Krista Jackman

Truth, Equality and Misinformation: An Analytical Project

"Fake news” may sound like the punchline of a lazy joke. But misinformation is very real, and so are its impacts. Misinformation isn’t new and organized disinformation campaigns are becoming more common online. Social media helps this type of content travel much faster. So. Why does this matter? The idea of “truth” is under fire today.

  • How is truth constructed?
  • How does our understanding of “truth” impact the way we see different topics and issues?
  • What role does our understanding of truth play in our families, our communities, and our nation?

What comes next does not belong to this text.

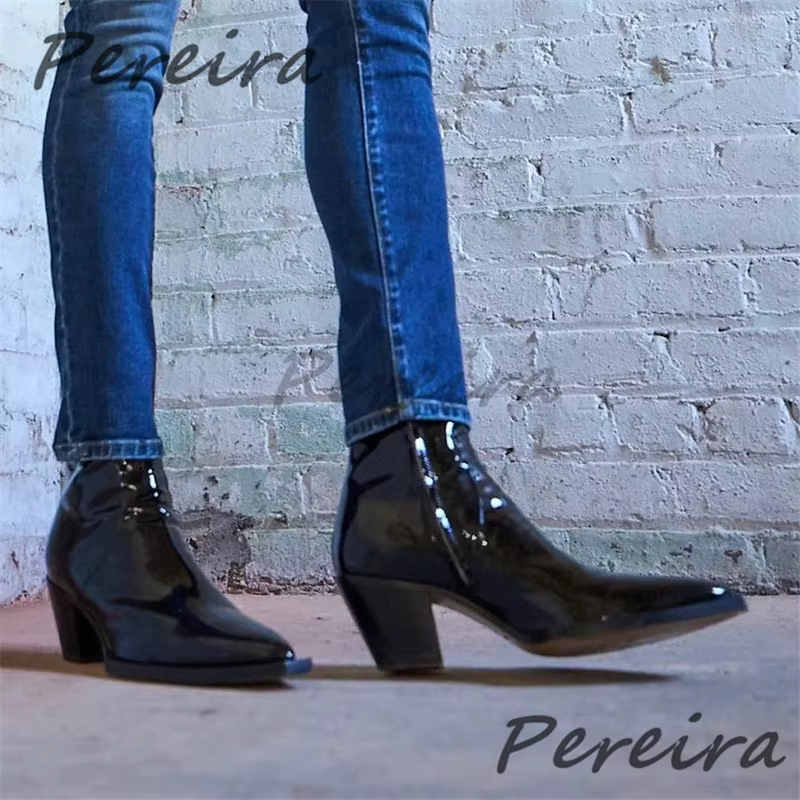 Bottes Chelsea en cuir verni noir pour hommes, chaussures courtes à bout pointu en cuir de vache ave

In order to answer these questions, first-year writing students will select a topic of interest, a controversy where people hold different beliefs and support multiple positions. We will learn new skills through partnerships with information literacy specialists at Dimond Library and also learning architects at the Parker Media Lab. Through multiple research strategies and fact-checking processes, students will work to investigate and analyze past and present rhetoric and critically evaluate ideas, arguments, and different points of view.

Students will ferret out new, more complex understandings of “truth,” exploring and unraveling debates that seem encumbered by either misinformation, or worse, disinformation. Students will write, create an extensive annotated bibliography and then produce and present a culminating digital project that represents a more complex understanding of truth within the controversy that each student has chosen.